◆ INSTRUCTIONS TO FOLLOW ◆
Transcribe exactly, and only, the lines from the one containing "QR code with Anthem Consulting contacts" through the last line of the data.

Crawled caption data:
——————

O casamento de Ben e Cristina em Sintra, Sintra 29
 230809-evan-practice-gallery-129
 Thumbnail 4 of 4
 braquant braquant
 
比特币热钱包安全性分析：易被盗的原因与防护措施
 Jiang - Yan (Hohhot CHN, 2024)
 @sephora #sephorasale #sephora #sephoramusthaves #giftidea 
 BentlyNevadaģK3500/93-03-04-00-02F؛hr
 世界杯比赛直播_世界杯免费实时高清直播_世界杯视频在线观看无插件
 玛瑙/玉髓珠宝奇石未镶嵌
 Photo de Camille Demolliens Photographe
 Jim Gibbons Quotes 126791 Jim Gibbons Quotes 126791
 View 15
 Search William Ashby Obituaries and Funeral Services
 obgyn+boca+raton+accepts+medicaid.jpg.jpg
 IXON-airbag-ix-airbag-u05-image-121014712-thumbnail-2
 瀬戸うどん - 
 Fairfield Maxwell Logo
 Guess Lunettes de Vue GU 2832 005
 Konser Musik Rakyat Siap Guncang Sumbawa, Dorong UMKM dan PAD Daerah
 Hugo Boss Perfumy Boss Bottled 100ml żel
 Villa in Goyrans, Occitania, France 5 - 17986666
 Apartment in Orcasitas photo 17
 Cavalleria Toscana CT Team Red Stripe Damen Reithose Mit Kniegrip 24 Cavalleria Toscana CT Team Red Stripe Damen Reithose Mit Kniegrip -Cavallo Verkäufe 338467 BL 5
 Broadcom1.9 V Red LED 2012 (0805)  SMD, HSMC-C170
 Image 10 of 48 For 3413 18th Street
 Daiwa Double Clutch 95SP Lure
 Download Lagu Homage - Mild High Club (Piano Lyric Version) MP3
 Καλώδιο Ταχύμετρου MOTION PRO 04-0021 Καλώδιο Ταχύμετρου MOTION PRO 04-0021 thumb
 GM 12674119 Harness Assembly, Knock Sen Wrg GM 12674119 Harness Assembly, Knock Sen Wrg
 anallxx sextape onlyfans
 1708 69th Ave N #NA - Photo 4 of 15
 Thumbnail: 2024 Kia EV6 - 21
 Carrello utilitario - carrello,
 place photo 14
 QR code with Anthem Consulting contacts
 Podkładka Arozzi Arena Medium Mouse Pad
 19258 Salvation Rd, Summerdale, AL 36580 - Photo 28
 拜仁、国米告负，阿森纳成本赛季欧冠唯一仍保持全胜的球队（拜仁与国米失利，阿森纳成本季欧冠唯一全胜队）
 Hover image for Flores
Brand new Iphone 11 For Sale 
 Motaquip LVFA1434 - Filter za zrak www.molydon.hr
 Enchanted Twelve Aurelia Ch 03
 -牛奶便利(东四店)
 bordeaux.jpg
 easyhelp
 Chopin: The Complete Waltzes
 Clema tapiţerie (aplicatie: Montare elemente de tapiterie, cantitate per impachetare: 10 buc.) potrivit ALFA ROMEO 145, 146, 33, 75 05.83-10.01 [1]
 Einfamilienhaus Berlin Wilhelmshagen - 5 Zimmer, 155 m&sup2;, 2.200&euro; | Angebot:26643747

——————

◆ WRITTEN RESPONSE ◆
 QR code with Anthem Consulting contacts
 Podkładka Arozzi Arena Medium Mouse Pad
 19258 Salvation Rd, Summerdale, AL 36580 - Photo 28
 拜仁、国米告负，阿森纳成本赛季欧冠唯一仍保持全胜的球队（拜仁与国米失利，阿森纳成本季欧冠唯一全胜队）
 Hover image for Flores
Brand new Iphone 11 For Sale 
 Motaquip LVFA1434 - Filter za zrak www.molydon.hr
 Enchanted Twelve Aurelia Ch 03
 -牛奶便利(东四店)
 bordeaux.jpg
 easyhelp
 Chopin: The Complete Waltzes
 Clema tapiţerie (aplicatie: Montare elemente de tapiterie, cantitate per impachetare: 10 buc.) potrivit ALFA ROMEO 145, 146, 33, 75 05.83-10.01 [1]
 Einfamilienhaus Berlin Wilhelmshagen - 5 Zimmer, 155 m&sup2;, 2.200&euro; | Angebot:26643747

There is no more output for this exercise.